Шукшин с Москвиным пошли в кассы, выбрали одну. Киношники с разрешения начальника вокзала добавили в интерьер календарь над окном. Поставили свет. Москвин вызвал дежурную по вокзалу Скопину Надежду Андреевну (она раньше работала билетным кассиром), сказал, что она будет сниматься в кино: «Она сразу раскраснелась, разволновалась, но Василий Макарович как-то сразу расположил к себе, успокоил» [Ащеулов, Егоров: 147].
Начали снимать, и тут Москвин увидел, как Шукшин преобразился из режиссера в актера: «В той же рубашке-косоворотке, в сапогах он вошел в зал. Но это был другой человек». Сняли сцену: из ресторана выходит пьяный, его задерживает милиционер — для этого привлекли сержанта из линейного отдела Анатолия Матюшина. Шукшин хотел, чтобы все выглядело естественно, как можно ближе к жизни. Подошел к какому-то гражданину, который не знал, что ведутся съемки, что-то спросил... «Помните, Иван Расторгуев обращается к человеку небольшого роста, а тот озадаченно смотрит на него? Так это я. Василий Макарович подошел ко мне, слегка толкнул и что-то спросил.
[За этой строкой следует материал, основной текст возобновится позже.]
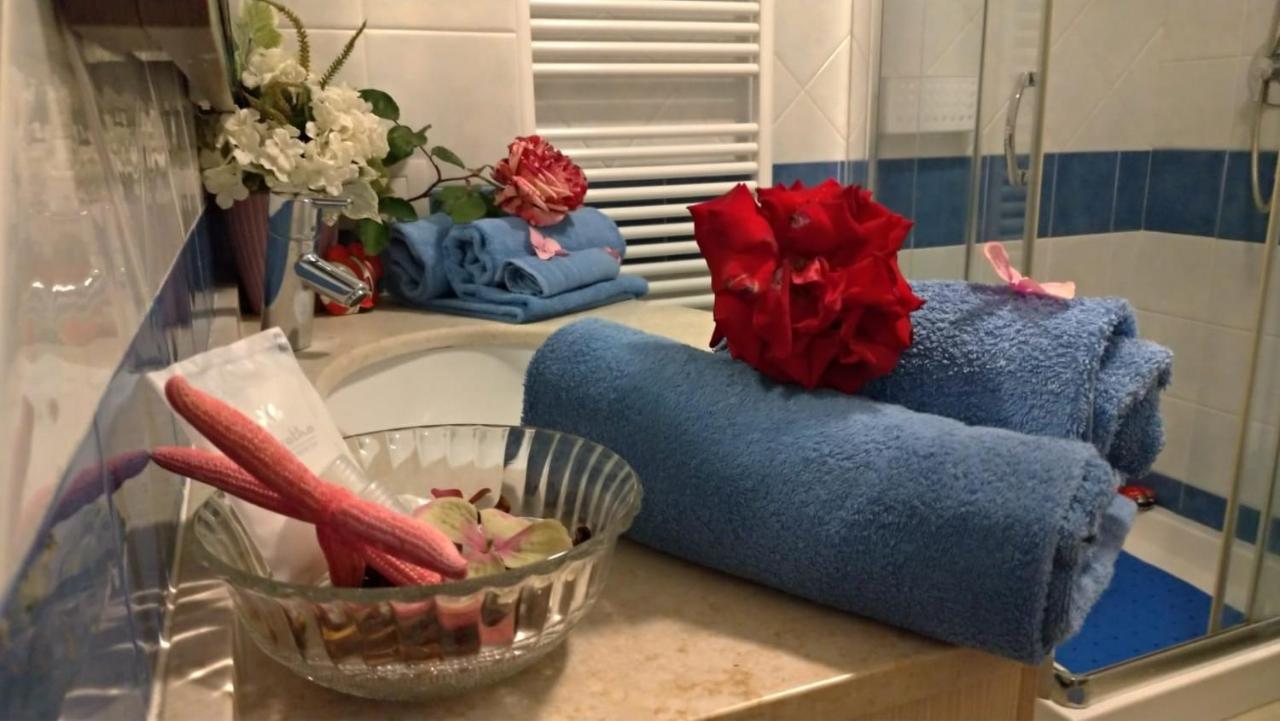 Gemma Di Gallura Charme B&B Олбия Екстериор снимка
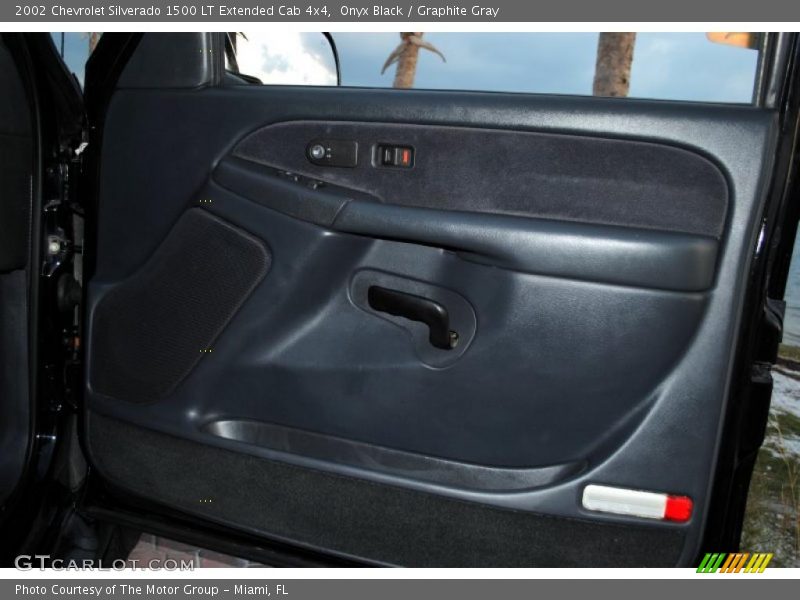 Onyx Black / Graphite Gray 2002 Chevrolet Silverado 1500 LT Extended Cab 4x4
Я не знал, что идет съемка, и никак не ожидал увидеть Шукшина, поэтому был так озадачен», — рассказывал спустя годы Константин Чижиков, учитель русского и литературы, неожиданно ставший партнером Шукшина [Ащеулов, Егоров: 145].
Режиссер также хотел снять, как к вокзалу подъезжает автобус. Москвин заволновался — в кадр мог попасть неказистый вокзальный туалет. «У вторых от вокзала ворот находится туалет, да еще со старой вывеской "Уборная". И я попросил: "Василий Макарович, не снимайте этот участок". Он улыбнулся: "Ну хорошо, что-нибудь придумаем". Но когда я смотрел фильм, обратил внимание, что на несколько секунд на экране проскользнуло это злополучное здание», — вспоминал бывший начальник вокзала [Ащеулов, Егоров: 149].
Из Бийска группа переехала в Шульгин Лог. Там на окраине плотники из Бийска построили дом Ивана Расторгуева, главного героя. Дом как дом, но без задней стены!
В Шульгином Логе киношники жили в здании восьмилетней школы: мужская часть группы — в спортивном зале, женская — в одном из классов. Василия Макаровича и Лидню Николаевну разместили в кабинете директора Анатолия Ярцева.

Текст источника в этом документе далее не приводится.